Ask an Instructor: Limitations on Charitable Contribution Appraisals and on Art Donations
Tuesday, October 13, 2020 in Ask an Instructor
Question 1: I understand that the effective date for a non-cash charitable contribution appraisal is the date of donation and that an appraisal cannot be done any earlier than 60 days prior to donation, but is there a limit to when an appraisal can be done after the donation?
You are correct. The effective date is the date of the donation, and the appraisal cannot be made more than 60 days prior to the date of the donation. After the donation, the appraisal must be made no later than the due date of the tax return, including extensions, on which the deduction is first claimed. See IRS Regulations 1.170A-17(a)(4). The due date can vary depending on the client’s situation. Typically, if a donation is made at any time during the year, then the deadline for the taxpayer to submit the appraisal with their tax forms is April 15th of the following year. But, the taxpayer may have the option to file for a six-month extension, so it could be that your client’s tax deadline is not until October 15th. There may also be the possibility of the taxpayer filing an amended return to account for a donation made in the past. In this case, the taxpayer should consult a professional tax advisor for more information and deadlines.

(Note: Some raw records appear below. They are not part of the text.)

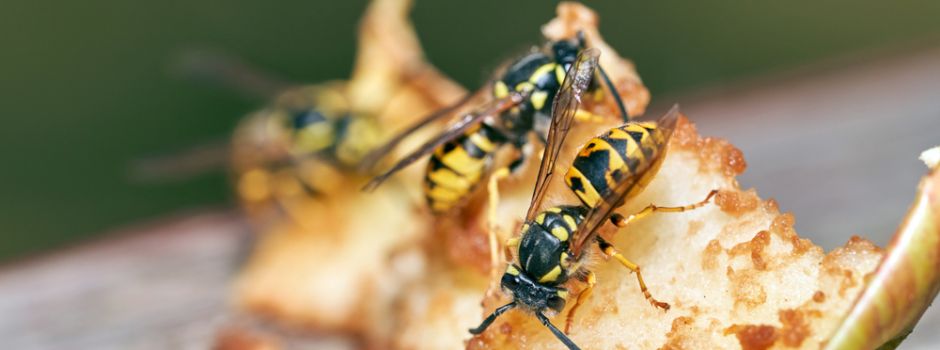 Wespe erschlagen – 5000 Euro Strafe zahlen?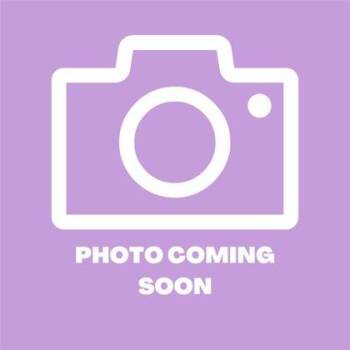 Domestic Long Hair Cats Available for Adoption - 60632498 | PetCurious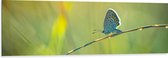Dibond - Vlinder met Blauwe Vleugels lopend over Tak tussen Planten - 150x50 cm Foto op Aluminium (Wanddecoratie van metaal)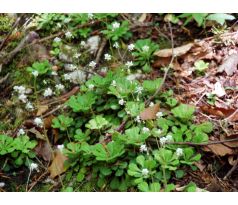 Lomikámen(Saxifraga cuneifolia)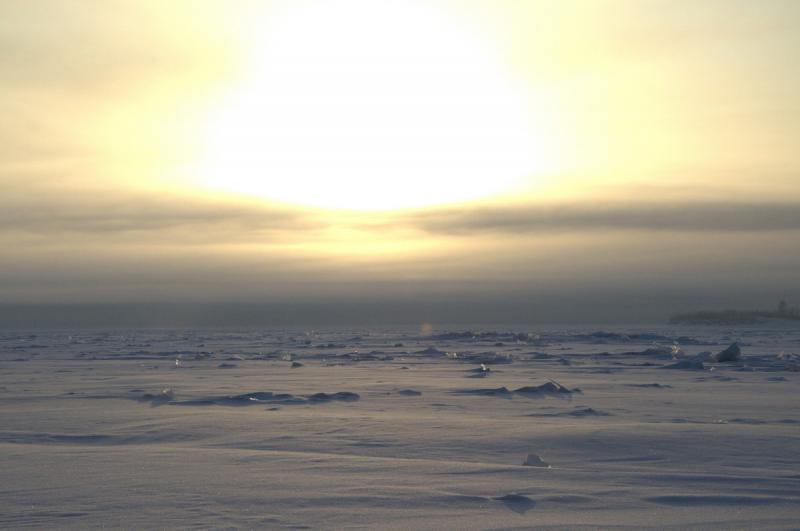 DSC_1014.jpg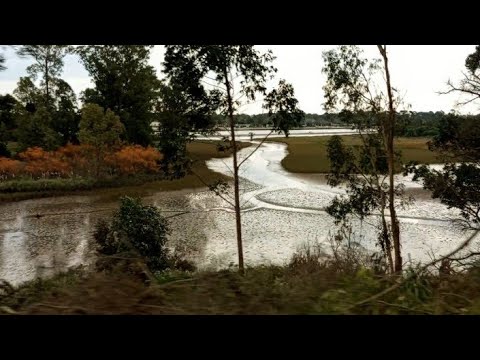 Tour 🚗 desde Parque del Plata hasta Costa Azul, Canelones, Uruguay🇺🇾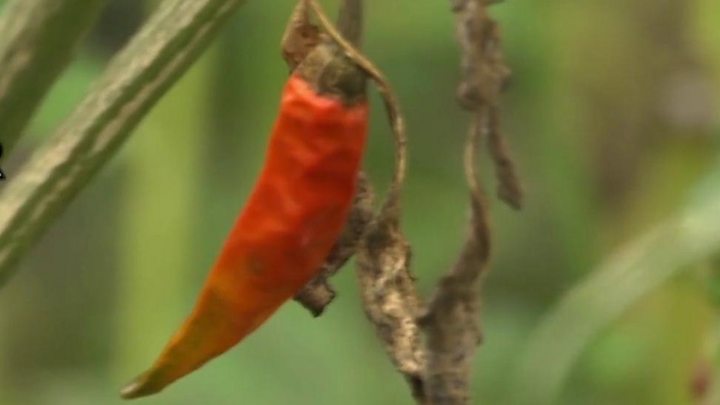 The Urban Farmers Battling Bangalore’s Concrete Jungle - BBC News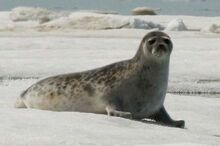 Sealsurvey 02.jpg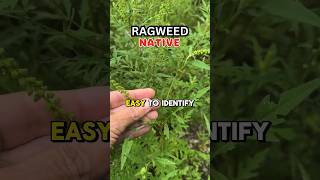 Ragweed causes seasonal allergies shorts [upl. by Euv]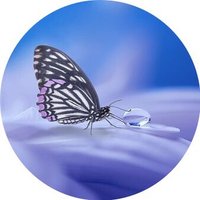 Jason Williams (@rich999998) 's Twitter Profile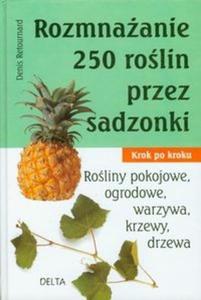 Rozmnaanie 250 rolin przez sadzonki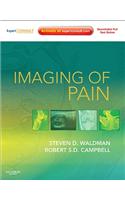 Imaging of Pain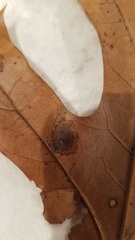 Polystepha pustuloides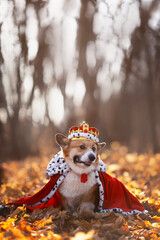 Sticker - cute puppy dog corgi in royal robes and golden crown sitting in autumn park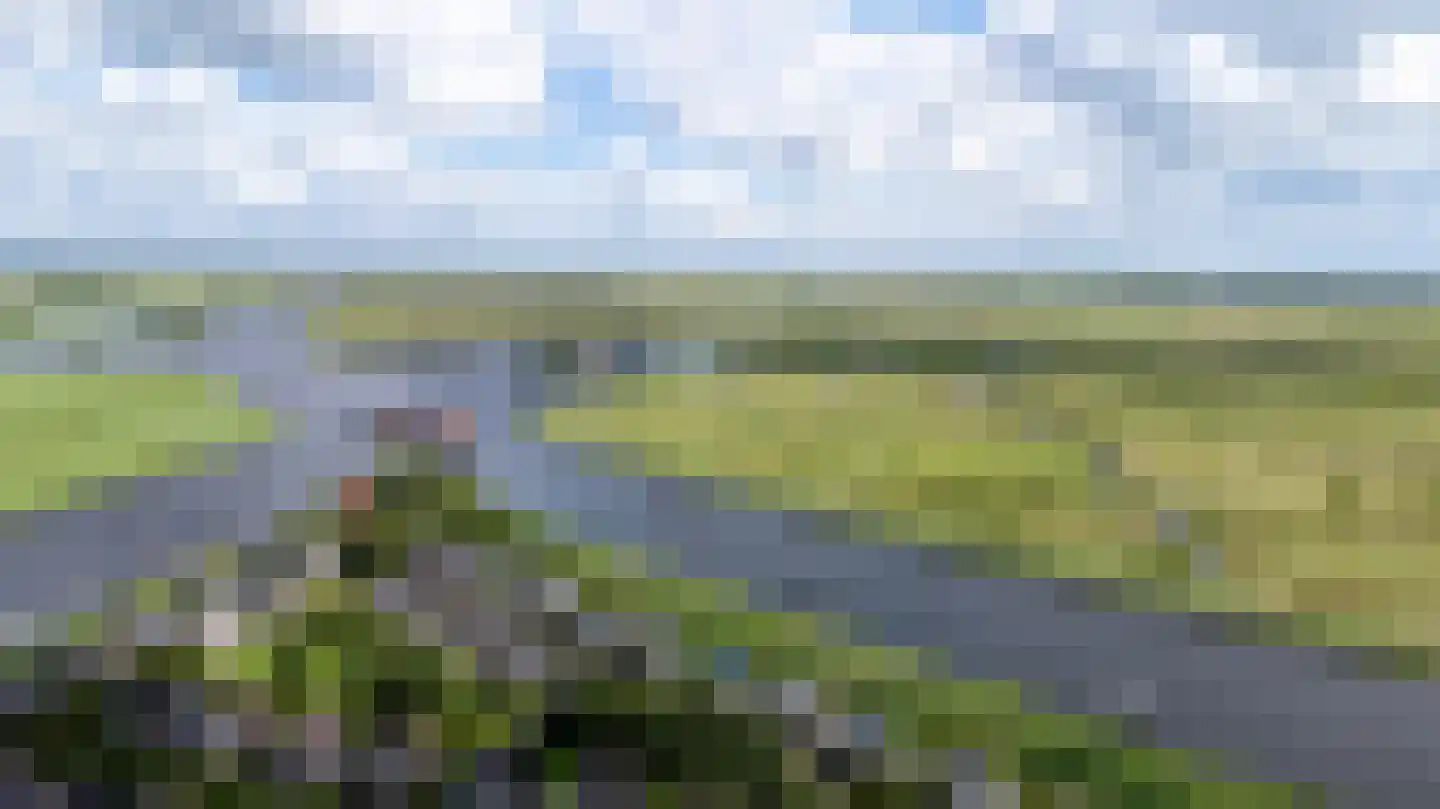 Yn 'e Lijte 81 Grou thumbnail 43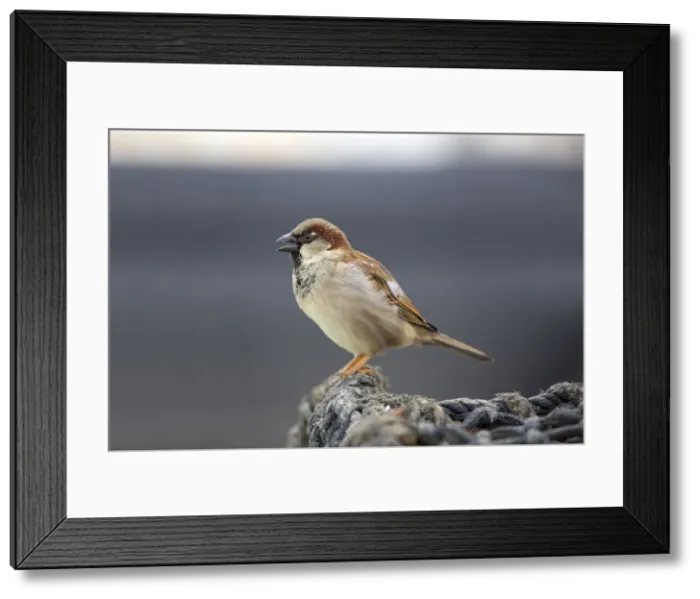 Framed Print : Picture No. 10947811 Framed Print : Picture No. 10947811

Question 2: I have a question pertaining to artists or in this case, spouses of artists donating their works. I understand an artist cannot receive a full fair market value tax deduction for an artwork he or she created, only a deduction for materials. However, what about the artist’s spouse donating their deceased spouse's artworks? Is the spouse limited to the same deduction?
Excellent question, and one that I’m asked frequently. Art is deemed ordinary income property if the donor created it or if the donor received it as a gift from the artist who created it. If the property is ordinary income property, then the donor is limited to the lesser of fair market value or the cost basis (i.e. cost of materials). The key point to your question is that the artist is deceased. As such, the property is no longer considered ordinary income after it passes through the estate. The estate receives a step-up in basis, and the spouse (assuming the spouse is the new owner after the estate settled) can then donate the property and potentially receive a deduction for the full fair market value, assuming that all of the other criteria for the donation is met. Remember that appraisers are not tax advisors. Our job is to determine the fair market value of the property as of the date of the donation. If your client has questions about donating property that may or may not be considered ordinary income property, the best practice is to refer the client to their professional tax advisor for clarification. Don’t worry about talking your client out of potential appraisal work. Even if the property is deemed ordinary income property, then an appraisal may still be needed, as the IRS will want to know the fair market value as well as the cost basis in order to determine which of the two is the lesser.